Daarbij is extra aandacht voor de ontwikkeling van zelfsturing op mbo-niveau 1 noodzakelijk.
Het onderwijs in het mbo is gebaseerd op het kwalificatiedossier, waarin de kwalificatie-eisen voor beroepen worden beschreven. Het gaat uit van een basisdeel, een profieldeel en een of meerdere keuzedelen. Het basisdeel bevat (naast een beroepsgericht deel) een algemeen basisdeel met onder andere eisen voor taal en rekenen, loopbaan en burgerschap en Engels. De eisen aan generieke vaardigheden, zoals breed inzetbare competenties, verschillen per niveau. De vraag is welke persoonlijke (brede) competenties extra aandacht moeten hebben voor een succesvolle doorstroom van mbo-niveau 1 naar niveau 2.

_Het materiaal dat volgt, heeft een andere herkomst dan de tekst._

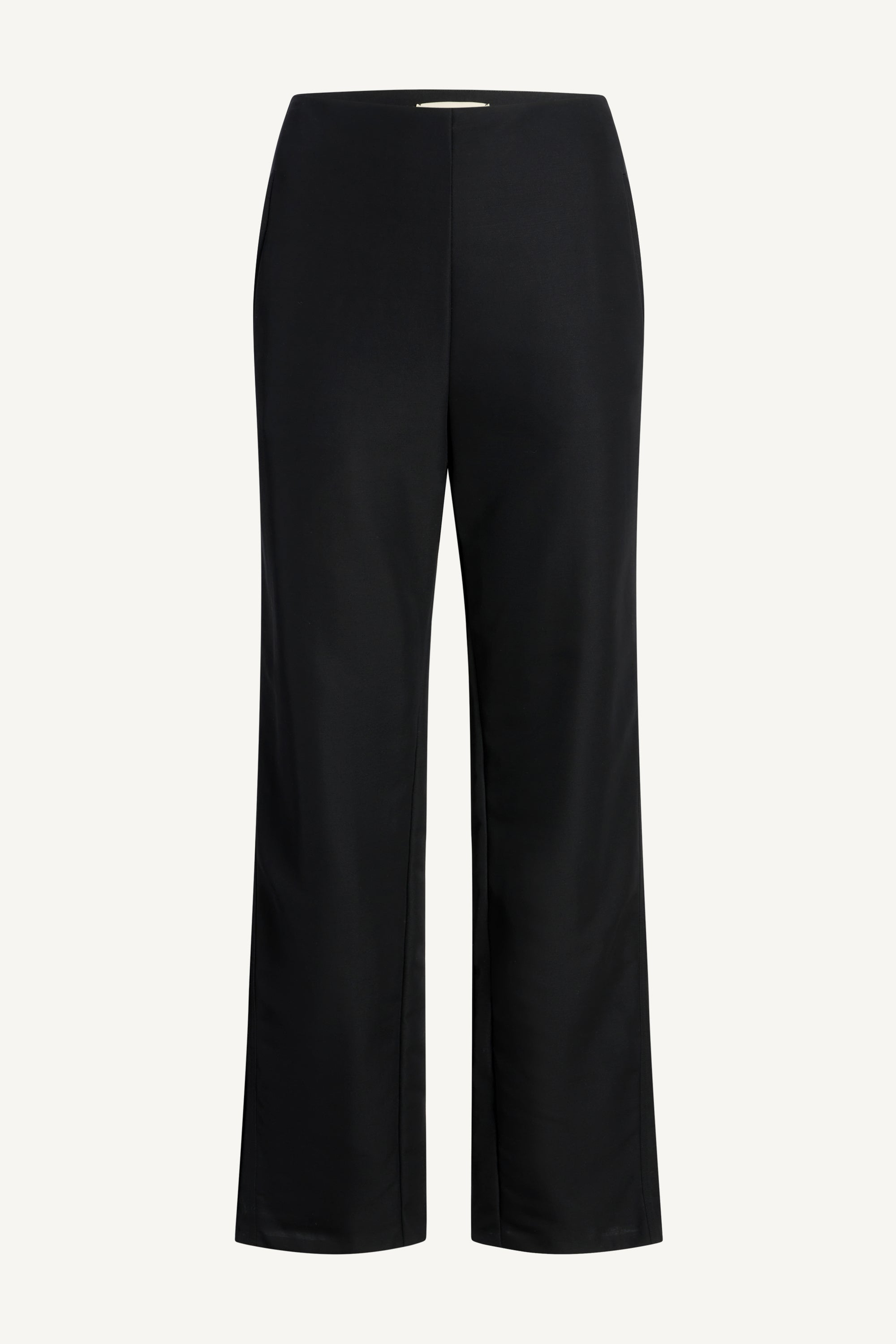 Nadja Trouser in Wool Gazar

Breed inzetbare competenties belangrijk voor arbeidsmarkt
Naast vakkennis zijn breed inzetbare, persoonlijke competenties van belang zodat studenten in de toekomst voor meerdere werkgevers kunnen werken (duurzame employability). Deze competenties moeten wel aansluiten bij de noodzakelijke kennis en competenties die bij het beroep horen. Zo blijken mensen die een beroepsopleiding hebben afgerond meer kans op werk te hebben dan mensen die een algemene opleiding hebben gedaan. Maar op latere leeftijd zijn generieke vaardigheden zoals taal en rekenen net zo belangrijk om je te kunnen ontwikkelen op de arbeidsmarkt (opwaartse mobiliteit).

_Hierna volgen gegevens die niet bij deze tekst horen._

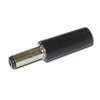 DC Stecker 2,5mm x 5,5mm x 14mm, rund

Vier persoonlijke competenties om succesvol in te stromen op niveau 2
Uit verschillende onderzoeken onder studenten en onderwijsprofessionals en op basis van de vraag van de arbeidsmarkt zijn aan de ene kant vakspecifieke vaardigheden belangrijk. En aan de andere kant dus ook een brede set aan vaardigheden en persoonlijke competenties. Het gaat om:
- Zelfstandigheid
- Initiatief en creativiteit
- Aanpassingsvermogen
- Nauwkeurigheid en zorgvuldigheid
Voor een succesvolle doorstroom van mbo-niveau 1 naar niveau 2 zou een student voldoende potentie moeten hebben om zich op deze vier competenties te kunnen ontwikkelen.

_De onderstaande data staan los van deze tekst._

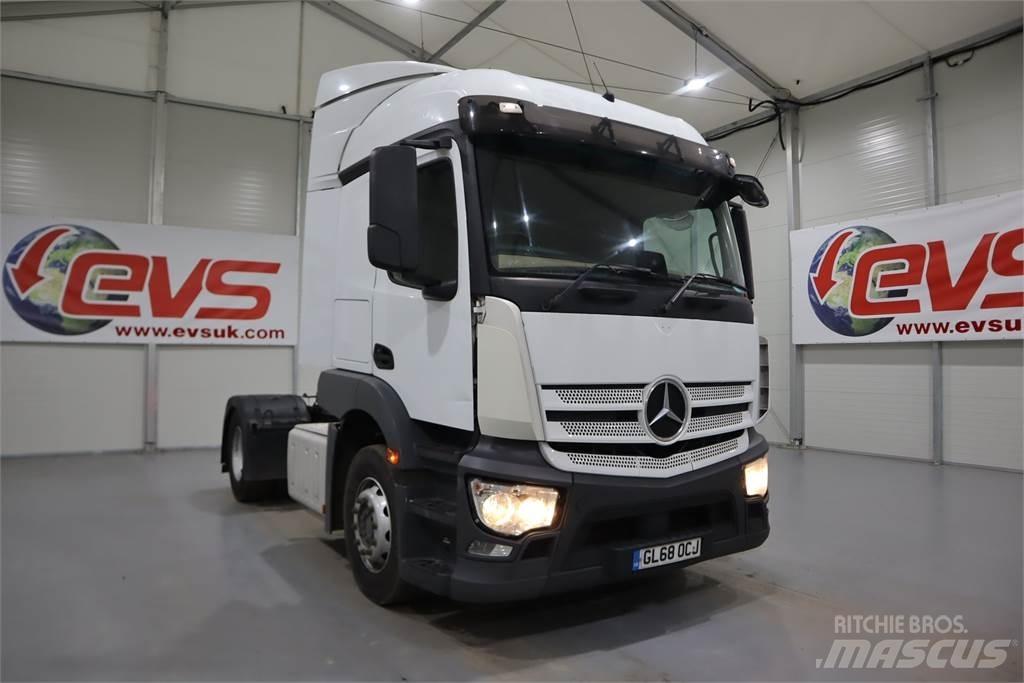 Mercedes-Benz ACTROS 1840 Tractor Units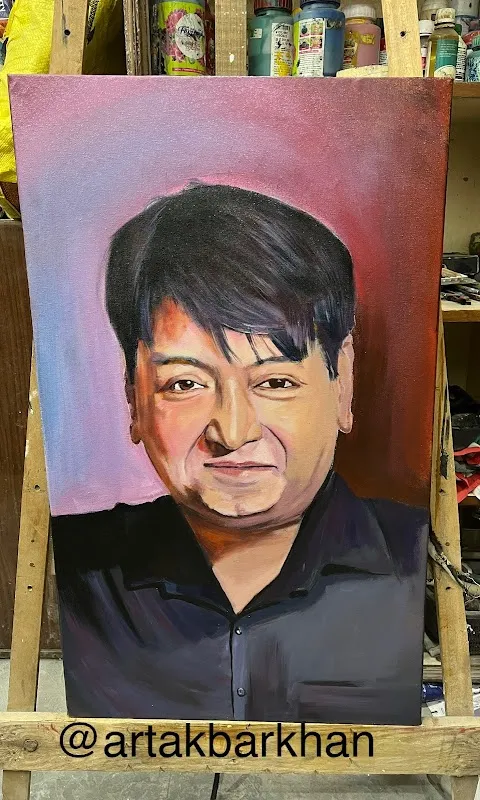 Art Akbar Khan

Extra aandacht voor zelfsturing en autonomie
Extra aandacht voor de ontwikkeling van zelfsturing op mbo niveau 1 lijkt noodzakelijk. Zo blijkt dat studenten met een hogere mate van ondernemendheid en zelfregulatie betere arbeidsmarktkansen hebben en intensiever naar werk zoeken. Mbo-studenten niveau 1 en 2 lijken echter meer moeite te hebben met zelfsturend leren. Docenten en leidinggevenden geven ook aan zorgen te hebben of zij deze studenten zelfredzaam kan maken zodat ook zij een plek op de arbeidsmarkt kunnen vinden.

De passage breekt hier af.